I just had a similar problem, although with me the receiver was setting timed recordings too! I changed the "channel" for remote 2 and that fixed it. It could have been caused by a neighbor with dish or possibly my next door neighbor using his garage door opener. Check your manual for instructions and you should be fine.


----------



## whatchel1 (Jan 11, 2006)

It might be nasty stuff in the AC power that you have. Do you have any problems with lights dimming any in your area? If there are spikes or dips in the the power that is supplied to you it could cause problems with electronic equipment.


----------



## TBoneit (Jul 27, 2006)

Try removing the UHF antenna on the back of the 622. I'll bet somebody else nearby is also a dish subscriber. Since I don't use the UHF remote I removed the antenna. If it is there at least lock the PPVs before you start getting billed for expensive PPVs.


----------



## Miner (Oct 29, 2004)

Sounds like UHF remote interference, especially if the 622s are in single mode. As I understand it, in single mode, the UHF remote will also change the channels, and if the UHF antenna is installed, one would experience what you're seeing. As jgurley suggests, change the remote code for TV2, or like tboneit, remove the UHF remote.

Miner, as in the other UTexas school


----------



## UT_Texan (Dec 9, 2004)

thanks, i have removed the UHF atennas since I don't use the 2nd remotes
We will see how it goes


----------



## lakebum431 (Jun 30, 2005)

Or, if you want to use the UHF antenna, just change the address on it. See the manual for how to do this.


----------



## tnsprin (Mar 16, 2003)

lakebum431 said:


> Or, if you want to use the UHF antenna, just change the address on it. See the manual for how to do this.

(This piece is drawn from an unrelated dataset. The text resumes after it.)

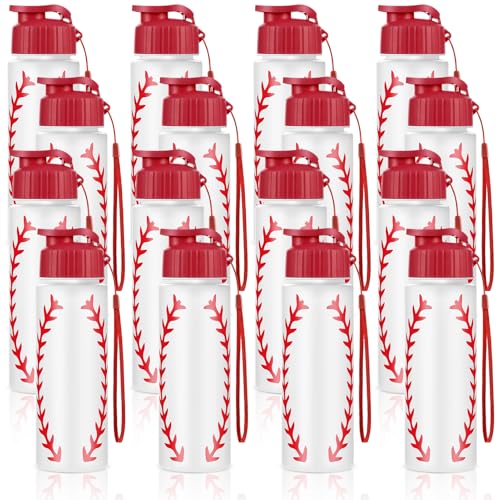 Olgaa 16 Pcs Baseball Water Bottle Bulk 20 oz Baseball Reusable W...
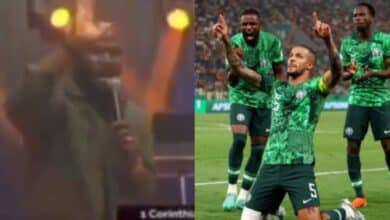 "This winning touch everybody" – Moment pastor goes on a "glory break" after receiving news of Super Eagles' triumph over South Africa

In fact even if he doesn't need the UHF, the address should be change. A weak signal can still be received without the antenna and might still occassionally effect the receiver.


----------



## UT_Texan (Dec 9, 2004)

I already had the address changed so that all my systems wouldn't interfere with each other.


----------



## lakebum431 (Jun 30, 2005)

Your systems interfering with each other isn't the issue. The problem is that someone else around you can have the same remote address as what you have set. Just change it to something else and I am sure this problem will go away.


----------



## Grandude (Oct 21, 2004)

When my neighbor had Dish installed, I spent the afternoon at my TV, watching my TV change channels and then started changing channels, going to menus, etc. while the installer was setting up his receiver. I guess the installer got the message as eventually mine stopped changing by itself. I later checked with my neighbor as to what remote address he used, it was 7. I was then armed with the info I needed in case I added another RF receiver so as not to interfere with his setup.


----------